(Scraped caption text data)
__________
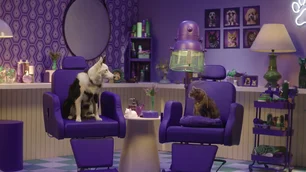 Imagem referente à matéria: No Fantástico, Petlove estreia nova campanha para promover plano de saúde pet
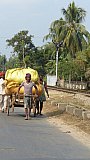 Streetlife mit vollbepacktem Handkarren - Streetlife in Indien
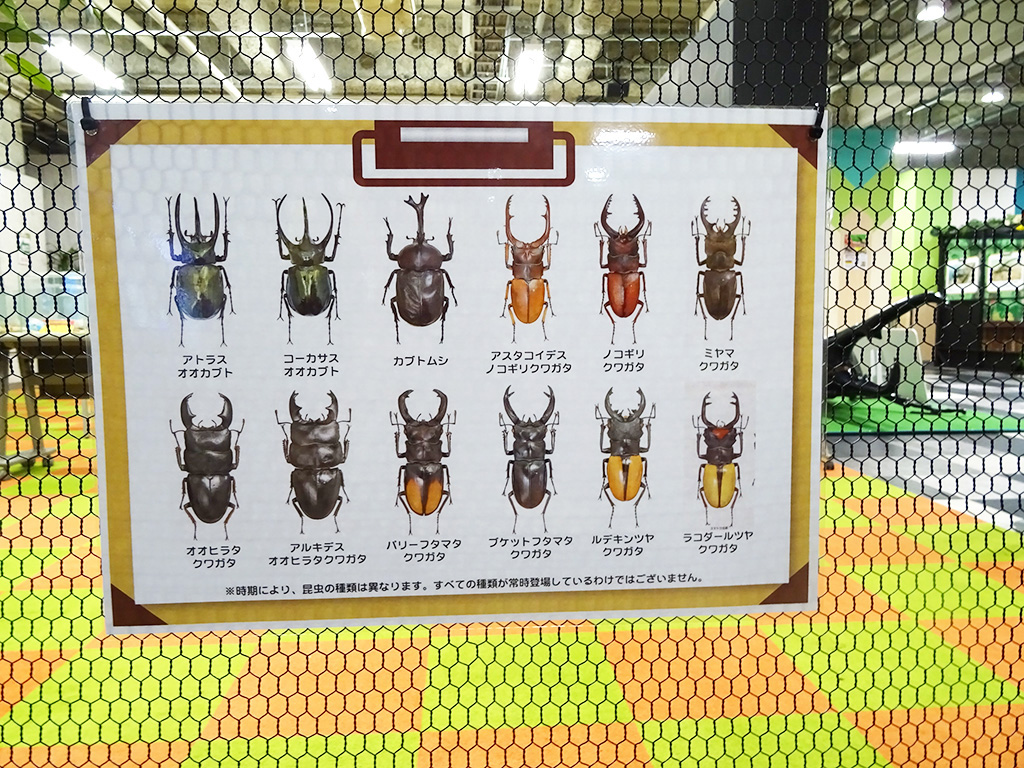 カブトムシの種類の掲示/カブト・クワガタ ふれあいの森 in お台場 2023 with 甲虫王者ムシキング（東京都/港区）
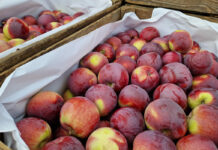 Aktualne ceny jabłek i gruszek na rynku w Broniszach – 23.01.2024 [Video]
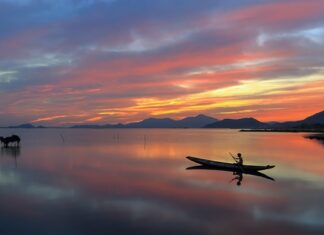 Jak łowić duże płocie?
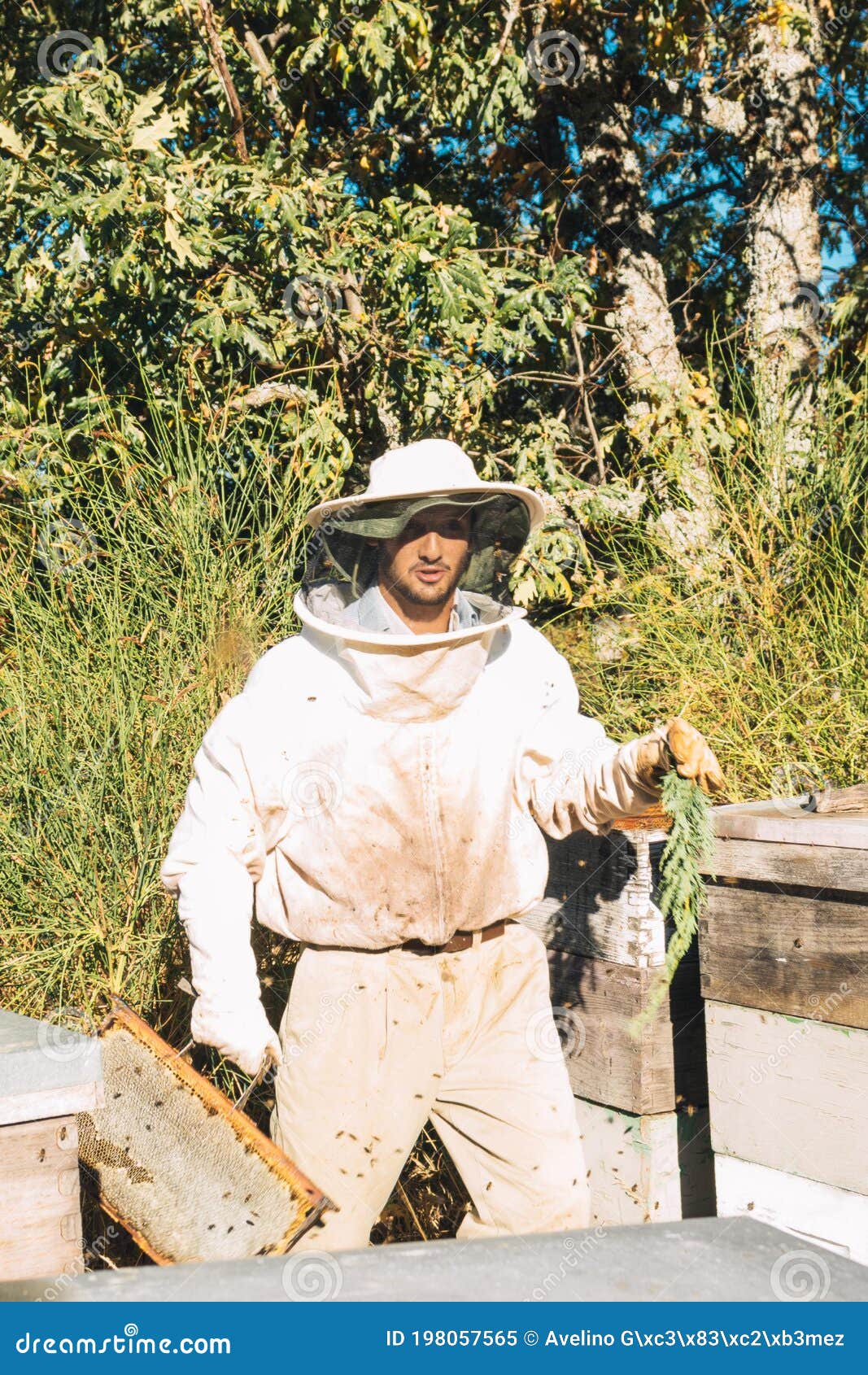 Disfraz de apicultor ocupado para hombre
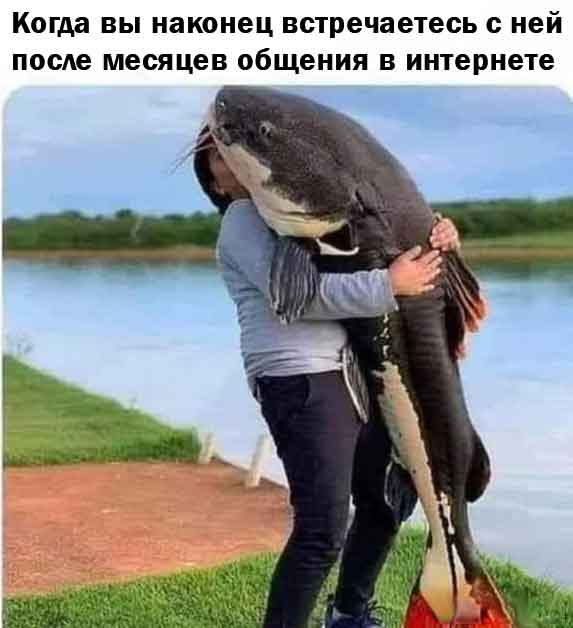 Так себе картинки 29.12.25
__________
▸ **What you will do**: Return the lines exactly as they stand, from the start of the entries through the line holding "カブトムシの種類の掲示/カブト・クワガタ ふれあいの森 in"; omit the pictures.

▸ **Result**:
 Imagem referente à matéria: No Fantástico, Petlove estreia nova campanha para promover plano de saúde pet
 Streetlife mit vollbepacktem Handkarren - Streetlife in Indien
 カブトムシの種類の掲示/カブト・クワガタ ふれあいの森 in お台場 2023 with 甲虫王者ムシキング（東京都/港区）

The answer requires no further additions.